Mr. Ajazi said the group’s confiscated electronic devices were still being examined. He expects the case to be “closed sooner” than August 2024, the deadline for him to file an indictment.

While spending time in Tirana, Ms. Timofeyeva is also weighing the request that Moscow made for her extradition in connection with the case of illegal entry at an underground Russian military site in 2018. Both she and Mr. Zorin have spoken out about this. they oppose President Vladimir V. Putin and his invasion of Ukraine, and she believes the extradition request may be an attempt to punish her for her outspokenness.

So far, that prospect seems unlikely. An Albanian court denied Russia’s extradition request on human rights grounds.

Mr Zorin, who is half Ukrainian, said the invasion of Ukraine was like “attacking our own brothers”. Russia has not yet requested his extradition from Albania and Mr Zorin said that even if he was freed by Albania, he would not return home for fear of having to join the army to fight in Ukraine.

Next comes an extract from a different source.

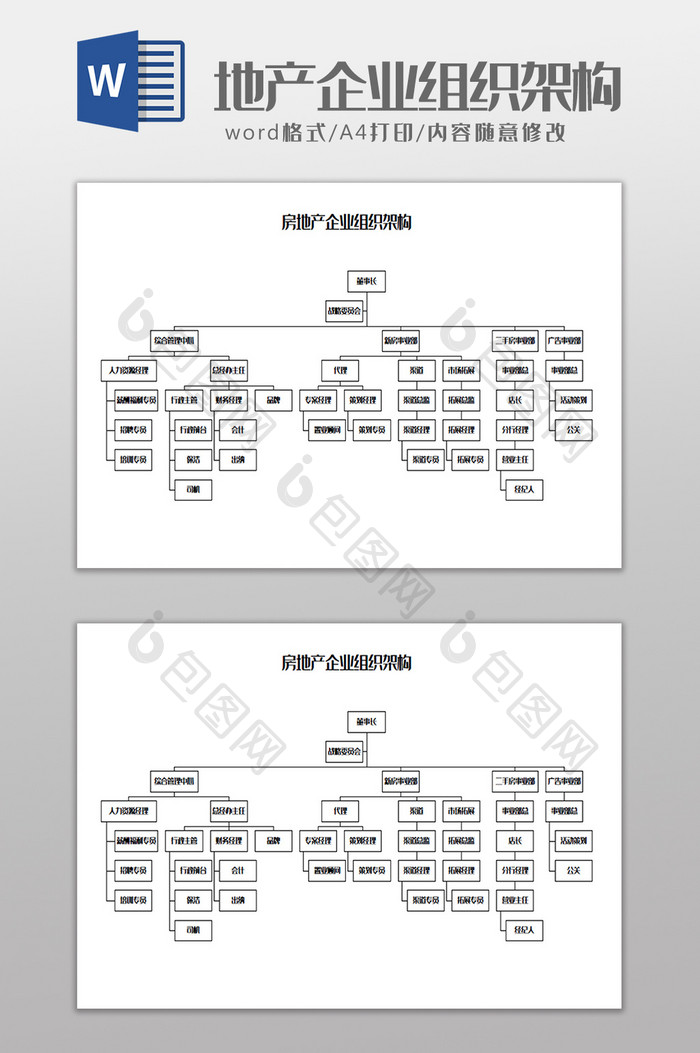 房地产企业组织架构Word模板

Miss Timofeyeva, who left Moscow for Georgia a month after the war started in February 2022, shared the posts with her nearly 250,000 followers on Facebook. Instagramwhere she passed Lana Sator, calling Mr Putin “crazy grandpa” and calling for an end to the conflict.

She said she was separated from her husband – who was working as a photographer for the Wagner group, the private army that fought on behalf of Russia in Ukraine until it disbanded this month – because of his support fight.

While living in Moscow, Ms. Timofeyeva said she worked with Russia’s Ministry of Culture to promote local tourism, not with the country’s intelligence agencies.

She has now applied for political asylum in Albania and says she has no plans to return in the near future. “Prison in Russia is worse than in Albania,” she said.

She said she overcame the months of incarceration, reading, learning Albanian and drawing pictures of the mountains near the prison and other subjects. She said she hopes to explore Albania and see more of its attractions.

But, she asked, “Is it a spy if we take a cruise ship to a tourist island?”

Fatjona Mejdini contributed reporting from Tirana.